In January 2016 Telkom applied for the rezoning of a portion of the property so as to permit the construction of a mast. Telkom built the mast on the property before receiving the City’s approval for rezoning. Local residents objected to the mast and complained to the City which responded by imposing an administrative penalty on Telkom and putting its application for rezoning on hold pending payment of the penalty.
Telkom approached the High Court challenging the validity of the City’s bylaw and policy. It contended that the City lacked power to make the bylaw and the policy, which impacted on the field of electronic communications which fell under the competence of the national sphere of government. Telkom also argued that both the bylaw and the policy were invalid for being in conflict with section 22.
The City opposed Telkom’s application and brought a counterapplication seeking an order declaring that Telkom had built the mast unlawfully in breach of the National Building Regulations and Building Standards Act, 103 of 1977 (Building Standard Act) which required that the City’s consent be obtained before the mast was erected. In response, Telkom contended that the Building Standards Act did not apply to it because it was part of the State.
The High Court found in favour of the City and held that Telkom could not erect masts without the City’s consent.

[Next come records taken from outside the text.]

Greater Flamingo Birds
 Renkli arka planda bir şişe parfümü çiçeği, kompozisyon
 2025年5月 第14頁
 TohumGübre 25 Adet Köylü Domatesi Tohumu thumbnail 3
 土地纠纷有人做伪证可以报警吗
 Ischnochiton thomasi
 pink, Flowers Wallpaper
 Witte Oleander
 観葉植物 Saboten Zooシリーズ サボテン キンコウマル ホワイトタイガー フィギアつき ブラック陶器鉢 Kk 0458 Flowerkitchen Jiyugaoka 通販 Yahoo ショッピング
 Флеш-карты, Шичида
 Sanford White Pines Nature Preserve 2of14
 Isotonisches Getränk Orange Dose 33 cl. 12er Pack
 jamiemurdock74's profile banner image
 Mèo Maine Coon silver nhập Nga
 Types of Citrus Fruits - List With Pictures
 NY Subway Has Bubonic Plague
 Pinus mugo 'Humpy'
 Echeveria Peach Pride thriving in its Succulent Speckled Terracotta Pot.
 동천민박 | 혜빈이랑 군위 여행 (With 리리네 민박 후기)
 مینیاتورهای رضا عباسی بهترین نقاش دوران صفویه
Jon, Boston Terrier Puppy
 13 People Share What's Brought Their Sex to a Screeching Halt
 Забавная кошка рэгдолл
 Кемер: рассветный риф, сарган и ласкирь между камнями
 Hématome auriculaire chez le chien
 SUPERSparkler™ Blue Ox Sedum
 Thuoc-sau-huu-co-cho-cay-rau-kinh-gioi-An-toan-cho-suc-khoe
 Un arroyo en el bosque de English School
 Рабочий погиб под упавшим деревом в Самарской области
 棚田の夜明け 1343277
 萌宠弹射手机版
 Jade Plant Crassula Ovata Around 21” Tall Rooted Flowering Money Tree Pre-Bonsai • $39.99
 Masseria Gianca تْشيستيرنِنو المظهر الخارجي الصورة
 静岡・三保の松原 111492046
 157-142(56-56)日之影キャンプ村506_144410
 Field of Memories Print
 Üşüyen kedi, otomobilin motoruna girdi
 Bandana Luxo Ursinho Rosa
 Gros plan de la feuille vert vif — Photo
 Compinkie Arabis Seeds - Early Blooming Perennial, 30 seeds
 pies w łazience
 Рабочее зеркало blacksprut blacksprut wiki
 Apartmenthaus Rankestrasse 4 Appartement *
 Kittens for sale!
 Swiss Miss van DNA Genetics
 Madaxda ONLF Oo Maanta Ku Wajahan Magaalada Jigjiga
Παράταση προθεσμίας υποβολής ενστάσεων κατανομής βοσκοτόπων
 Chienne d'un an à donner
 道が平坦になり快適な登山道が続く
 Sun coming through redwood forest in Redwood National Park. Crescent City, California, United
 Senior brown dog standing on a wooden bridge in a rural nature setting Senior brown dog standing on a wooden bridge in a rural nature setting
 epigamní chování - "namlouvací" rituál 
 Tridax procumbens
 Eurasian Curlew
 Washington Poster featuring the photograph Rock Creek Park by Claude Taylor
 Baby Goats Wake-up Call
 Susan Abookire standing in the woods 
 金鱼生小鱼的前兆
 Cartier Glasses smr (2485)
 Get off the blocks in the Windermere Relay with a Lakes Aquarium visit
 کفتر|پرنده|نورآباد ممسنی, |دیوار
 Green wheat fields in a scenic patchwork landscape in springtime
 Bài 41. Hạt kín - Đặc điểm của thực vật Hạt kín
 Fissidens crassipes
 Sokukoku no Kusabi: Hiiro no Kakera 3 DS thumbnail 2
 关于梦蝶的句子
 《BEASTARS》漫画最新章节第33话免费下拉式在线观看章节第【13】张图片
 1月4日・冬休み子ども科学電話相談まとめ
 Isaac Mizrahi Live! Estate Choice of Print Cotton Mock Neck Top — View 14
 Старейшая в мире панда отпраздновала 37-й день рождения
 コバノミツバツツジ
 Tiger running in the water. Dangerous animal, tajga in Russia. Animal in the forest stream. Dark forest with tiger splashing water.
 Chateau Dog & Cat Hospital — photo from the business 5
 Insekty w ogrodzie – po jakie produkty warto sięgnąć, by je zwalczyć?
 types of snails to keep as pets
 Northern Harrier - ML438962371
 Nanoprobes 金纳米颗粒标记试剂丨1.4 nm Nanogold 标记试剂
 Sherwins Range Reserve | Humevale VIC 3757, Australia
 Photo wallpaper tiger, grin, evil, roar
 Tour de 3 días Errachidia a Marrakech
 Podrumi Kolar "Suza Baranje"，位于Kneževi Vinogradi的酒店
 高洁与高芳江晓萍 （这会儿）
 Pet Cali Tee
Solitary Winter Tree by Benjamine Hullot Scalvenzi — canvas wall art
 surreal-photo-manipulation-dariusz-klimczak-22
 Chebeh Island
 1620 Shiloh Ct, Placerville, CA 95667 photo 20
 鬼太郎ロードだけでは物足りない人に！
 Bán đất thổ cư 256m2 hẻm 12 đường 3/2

Telkom’s argument that it was not subject to the Building Standards Act as well as its argument that a mast was not a building were apparently abandoned in the High Court.
The Supreme Court of Appeal (SCA) in turn accepted that Telkom abandoned the arguments relating to the Building Standards Act and ultimately rejected Telkom’s argument that the City’s zoning bylaws and mast policy conflicted with section 22 of the ECA.
Decision of the Constitutional Court
In a unanimous judgment handed down on 25 June 2020, the Constitutional Court dismissed Telkom’s application for leave to appeal against the decision of the SCA, which had dismissed an appeal by Telkom.
Telkom’s case in the Constitutional Court (CC) rested on two main arguments, namely the competence argument and the conflict argument.
Telkom argued that the City did not have legislative power to regulate telecommunications and that municipal planning, insofar as it affected the building of telecommunications infrastructure, went beyond the scope of municipal powers. Telkom implored the CC to apply a narrow interpretation of municipal planning and effectively exclude “the control and use of land for laying down telecommunications infrastructure” from the scope of municipal powers.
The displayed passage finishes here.